Nate Timmons of Denver Stiffs was a fan of Fournier being a starter before the season began. While some may think that's premature, Fournier should have been playing closer to starter-type minutes rather than being held back the first two months.
2. Waiting Until the Trade Deadline to Deal Andre Miller
Now we move into the front-office decisions.
When the whole fiasco went down with Miller, Adrian Wojnarowski and Marc J. Spears of Yahoo Sports reported that Miller was on the trading block and that the both the Warriors and Sacramento Kings were interested in him.
Six days later Ken Berger of CBSSports.com reported the Kings had made three separate offers for Miller. One of those included the Nuggets landing Marcus Thornton and a second-round pick, while another was Jimmer Fredette and a future second rounder.
But nothing happened, and Denver held onto its veteran point guard even though he wasn't near the team and seemed to have little chance of playing.
It took until just before the trade deadline, but eventually Miller was dealt to the Washington Wizards. It took the 76ers getting involved too, but in the end, the Nuggets traded him and a second-round pick for Jan Vesely.
There's only one benefit to this: cap space. According to Basketball Insiders, Vesely's contract of just under $3.4 million expires at the end of this season, while Miller was guaranteed at least $2 million next season, per Wojnarowski.
Why would Denver want to bring in another big man who needs more development than McGee and Faried? Let's also not forget about its 2013 second-round pick Joffrey Lauvergne.
It simply doesn't make sense to re-sign another raw player.
So, the Nuggets potentially could have acquired a second-round pick and a guard who would have helped substantially when Nate Robinson and Ty Lawson got hurt. Instead, they created a little cap space, lost a draft pick and fell out of the postseason discussion.

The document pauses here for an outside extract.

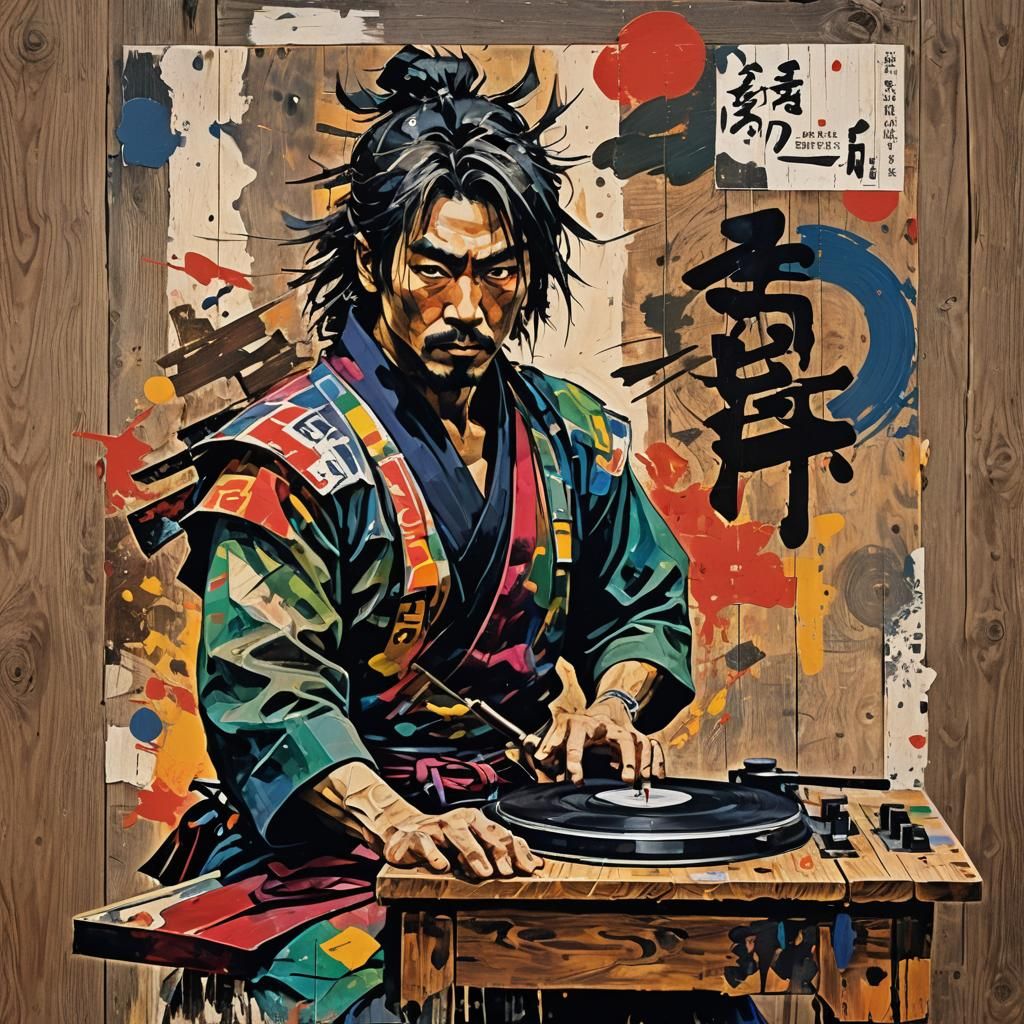 Samurai DJ: Abstract Expressionism LP Cover Art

1. Not Bringing in Another Point Guard Right After Robinson and Lawson Went Down
Once Denver elected to hold onto Miller in the beginning of January, it made sense he wasn't dealt until the trade deadline. Connelly wanted to pursue other options.
But when Robinson suffered his ACL injury on Jan. 29 during the loss to the Charlotte Bobcats, the Nuggets needed to find someone immediately. They had just knocked off the Kings and Indiana Pacers, but the Charlotte loss dropped them to 22-22.

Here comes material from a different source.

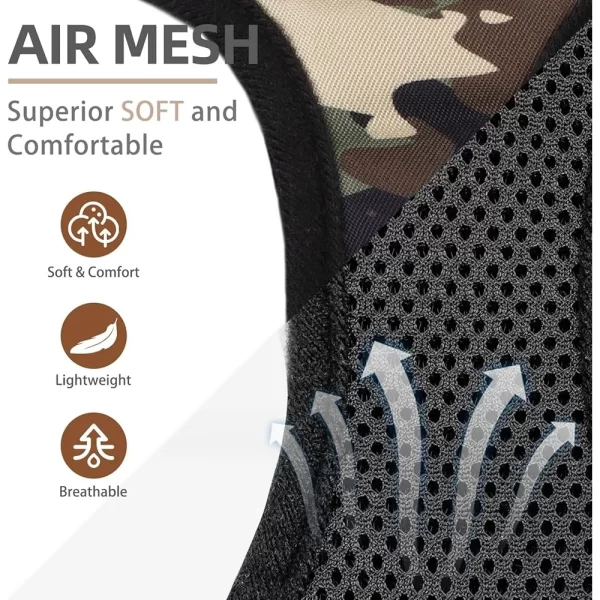 No Pull Small Dog Harness and Leash Set, Step-in Soft Mesh Reflective Camouflage Comfortable - Image 3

Instead, they stayed put and lost to the Toronto Raptors, lucked out with a ridiculous buzzer-beating win against the Los Angeles Clippers and defeated the struggling Milwaukee Bucks. Denver was getting by at first.

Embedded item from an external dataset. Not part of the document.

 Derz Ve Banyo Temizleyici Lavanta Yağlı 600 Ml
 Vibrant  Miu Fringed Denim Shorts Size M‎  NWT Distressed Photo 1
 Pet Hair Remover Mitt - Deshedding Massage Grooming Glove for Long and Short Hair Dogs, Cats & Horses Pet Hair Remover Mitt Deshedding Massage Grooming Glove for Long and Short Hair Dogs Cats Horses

But then the losses started, and Lawson suffered his rib injury that sidelined him for a month. You can't predict injuries, but just relying on one true point guard while moving Randy Foye back-and-forth between the 1 and 2 is a lot to ask of a new head coach with a team trying to build chemistry.
With Lawson out, this was code red if Denver wanted to keep any slim postseason chances alive. However, the Nuggets waited another 12 days for the trade deadline and eventually got Aaron Brooks for Jordan Hamilton.
This is not a knock on the trade itself. Brooks has provided a solid boost in Robinson's absence and has been thriving in the last week.
But it's more that the Nuggets didn't bring someone in right away to handle the temporary crisis. They weren't competitive in most of their 11 losses over that 12-game stretch, and by the time Brooks started adjusting to Denver's system, the postseason hopes were all but gone.
Sure, the chances of making the playoffs were going to be small, regardless. Even if the Nuggets did make it, it's highly unlikely they could beat a team like the Spurs in a seven-game series.
But since Denver showed it could beat some of the great teams on occasion and could be trading its 2014 first-round pick anyways (the Nuggets have their own and the New York Knicks' first-round pick, but trade the less-favorable one to the Orlando Magic, via RealGM), some better proactivity would have helped for a playoff push under the circumstances.